Without any images, output the records below verbatim.

Records from a dataset

+ + + + +

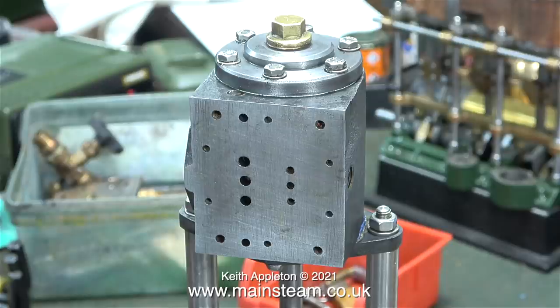Once I've made the two slide valves and one or two other bits and pieces, I'm hoping that this pump is going to work first time. Famous last words.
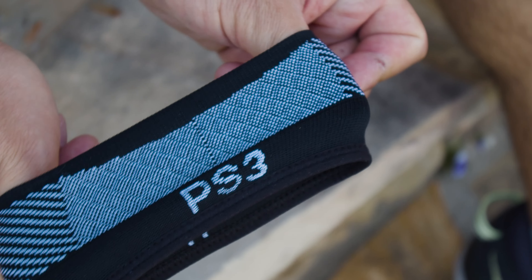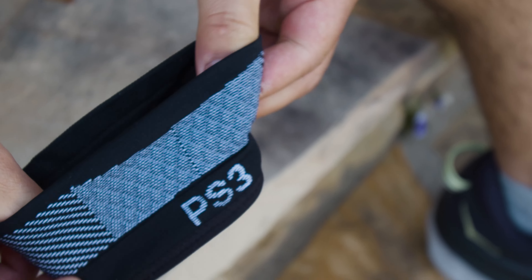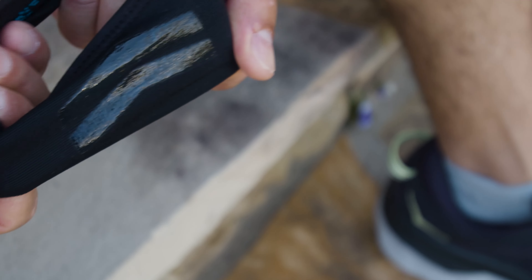Before ordering, it is important that you measure below your patella for accurate sizing and refer to our sizing chart to determine the proper fit.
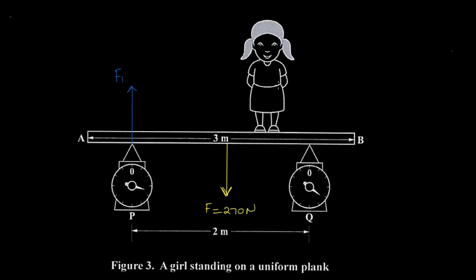We also have a girl standing on the plank. The weight of the girl acts downward, so we draw a downward force at her position. This downward force due to the weight of the girl is called F3.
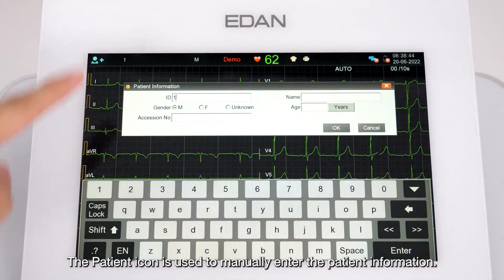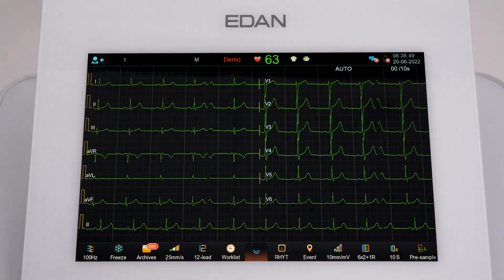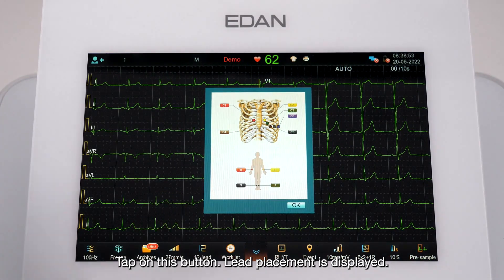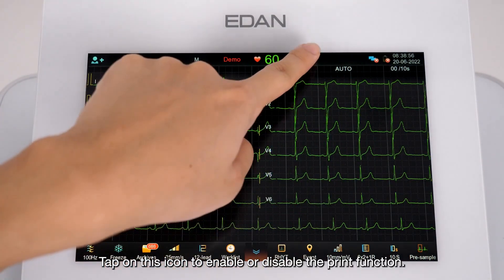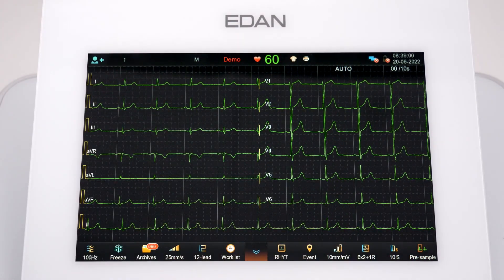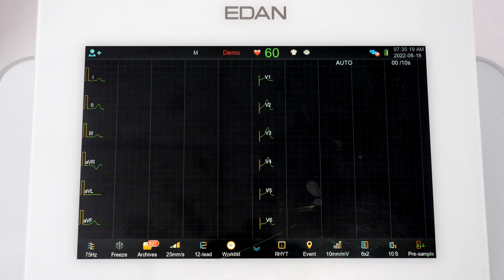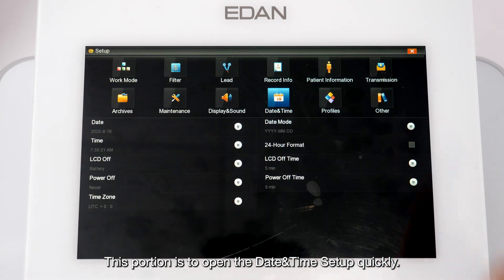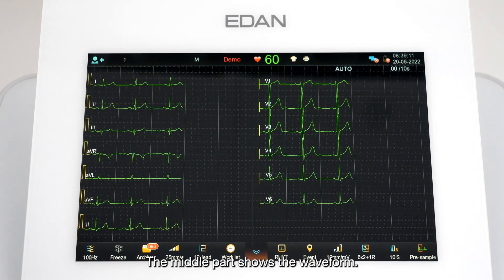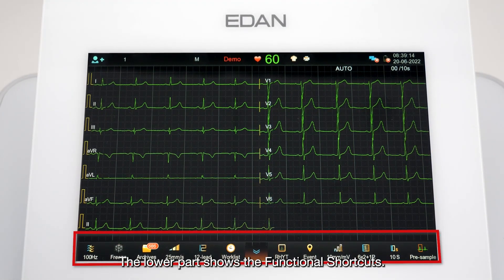The patient icon is used to manually enter patient information. Tap on this button to display lead placement. Tap the print icon to enable or disable the print function. This icon opens transmission setup quickly, and this portion opens the date and time setup quickly. The middle part of the screen shows the waveform, and the lower part shows functional shortcuts.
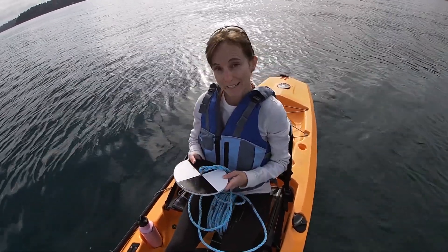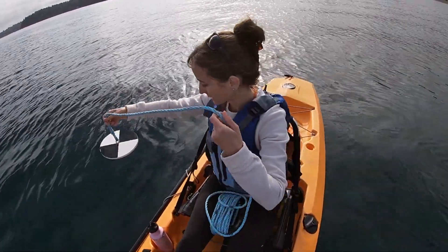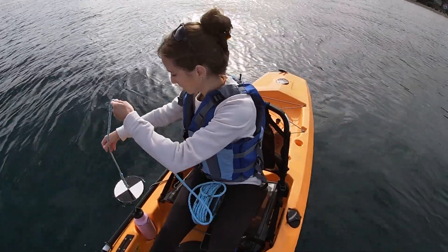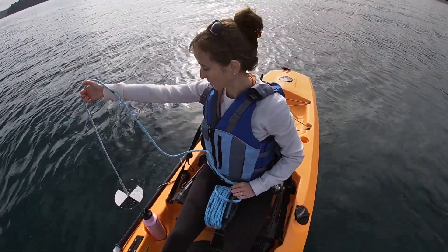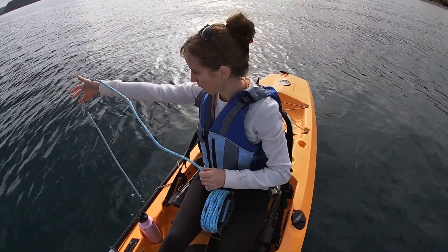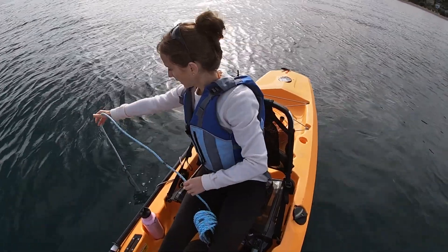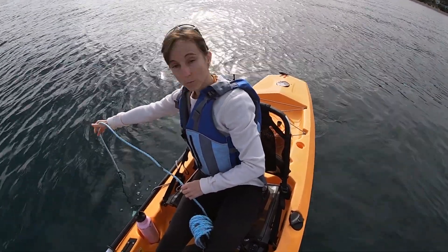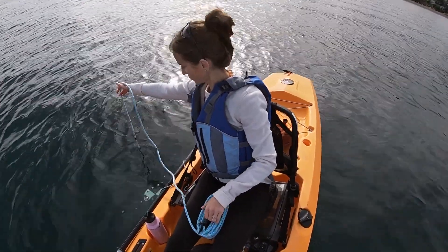In order to take a Secchi depth reading, I'm going to lower this disk into the water until I can't see it anymore. Right now it is at zero meters depth, right at the surface. I'm just going to let it fall — that weight is going to drag it down. Right now the one meter mark is right at the water surface, but I can still clearly see the disk.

+ + + + +

▶ EXERCISE SOLUTION:
Once I've made the two slide valves and one or two other bits and pieces, I'm hoping that this pump is going to work first time. Famous last words.
Before ordering, it is important that you measure below your patella for accurate sizing and refer to our sizing chart to determine the proper fit.
We also have a girl standing on the plank. The weight of the girl acts downward, so we draw a downward force at her position. This downward force due to the weight of the girl is called F3.
The patient icon is used to manually enter patient information. Tap on this button to display lead placement. Tap the print icon to enable or disable the print function. This icon opens transmission setup quickly, and this portion opens the date and time setup quickly. The middle part of the screen shows the waveform, and the lower part shows functional shortcuts.
In order to take a Secchi depth reading, I'm going to lower this disk into the water until I can't see it anymore. Right now it is at zero meters depth, right at the surface. I'm just going to let it fall — that weight is going to drag it down. Right now the one meter mark is right at the water surface, but I can still clearly see the disk.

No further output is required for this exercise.